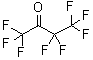 CAS 登录号：337-20-2， 全氟-2-丁酮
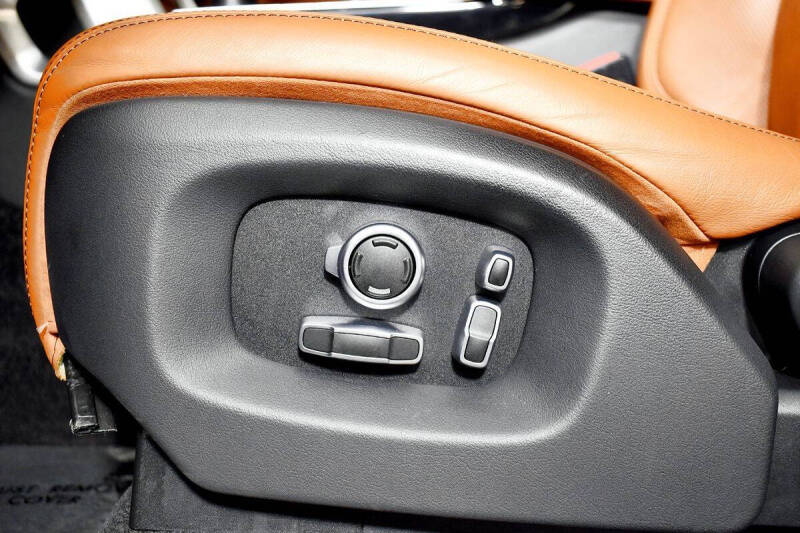 2016 Land Rover Range Rover Autobiography LWB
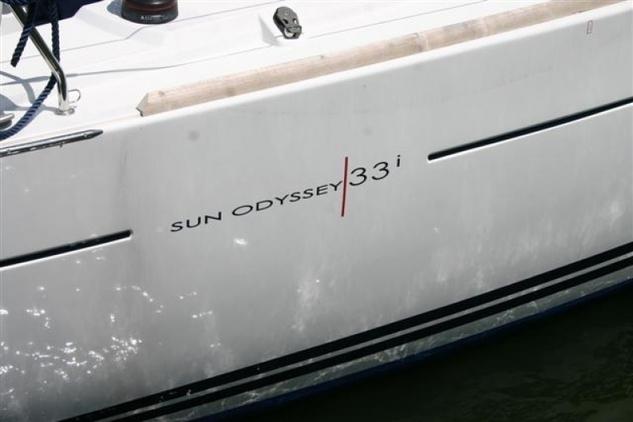 Jeanneau Sun Odyssey - 33i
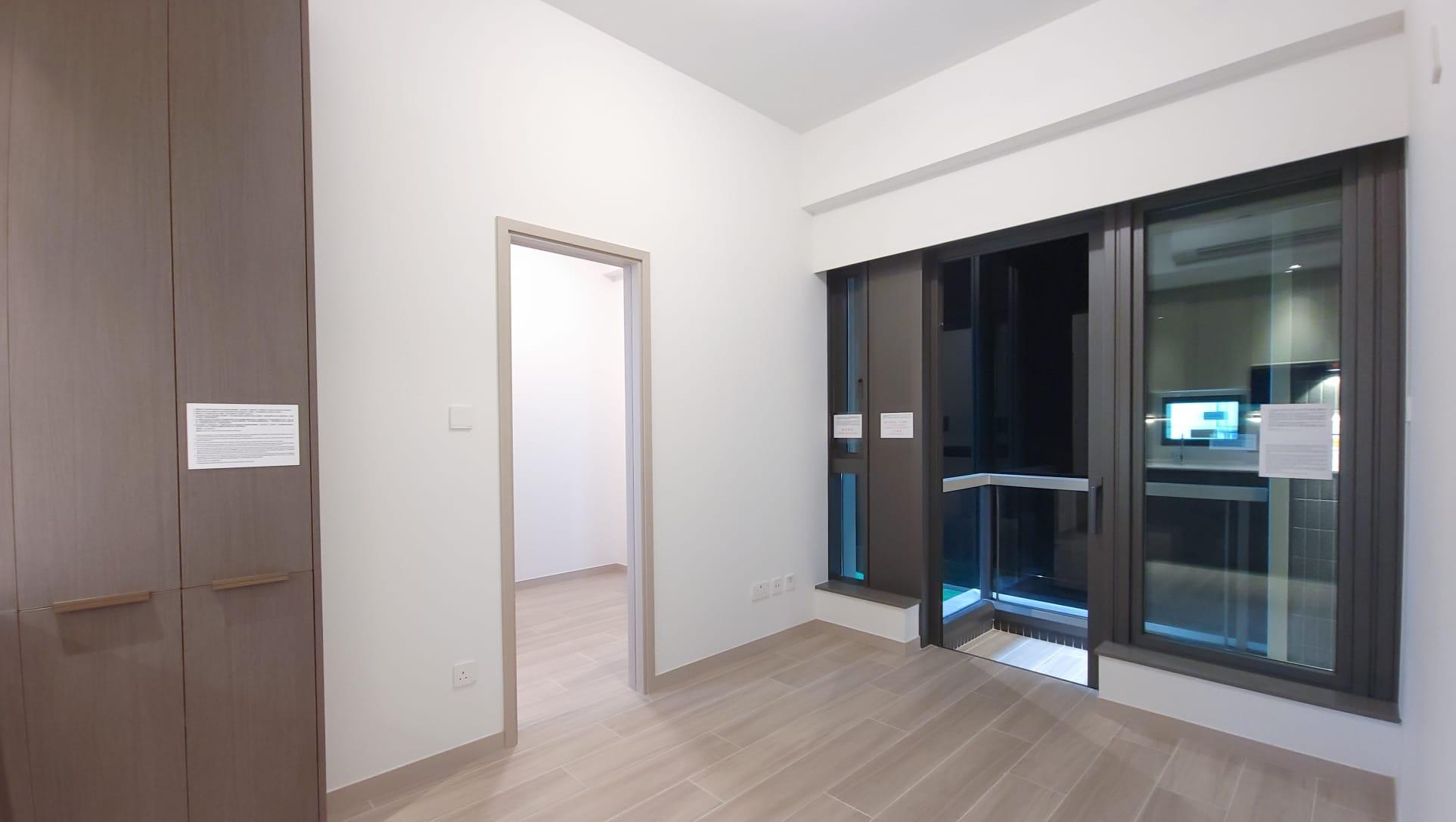 深水埗新盤|喜.揚296方呎一房 樓高3.3米 打造多組高身儲物櫃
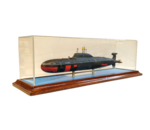 Коллекционная модель атомной подводной лодки проект 971 "БАРС" 1/300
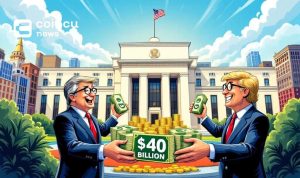 Federal Reserve to Purchase $40 Billion Monthly in Treasury Bonds from December 2025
_ _ _ _ _
WHAT YOU ARE ASKED TO DO ▸
Copy nothing but the lines from the line that contains "深水埗新盤|喜.揚296方呎一房 樓高3.3米 打造多組高身儲物櫃" through the end of the listing, exactly, and keep pictures out of it.

YOUR RESPONSE ▸
 深水埗新盤|喜.揚296方呎一房 樓高3.3米 打造多組高身儲物櫃
 Коллекционная модель атомной подводной лодки проект 971 "БАРС" 1/300
 Federal Reserve to Purchase $40 Billion Monthly in Treasury Bonds from December 2025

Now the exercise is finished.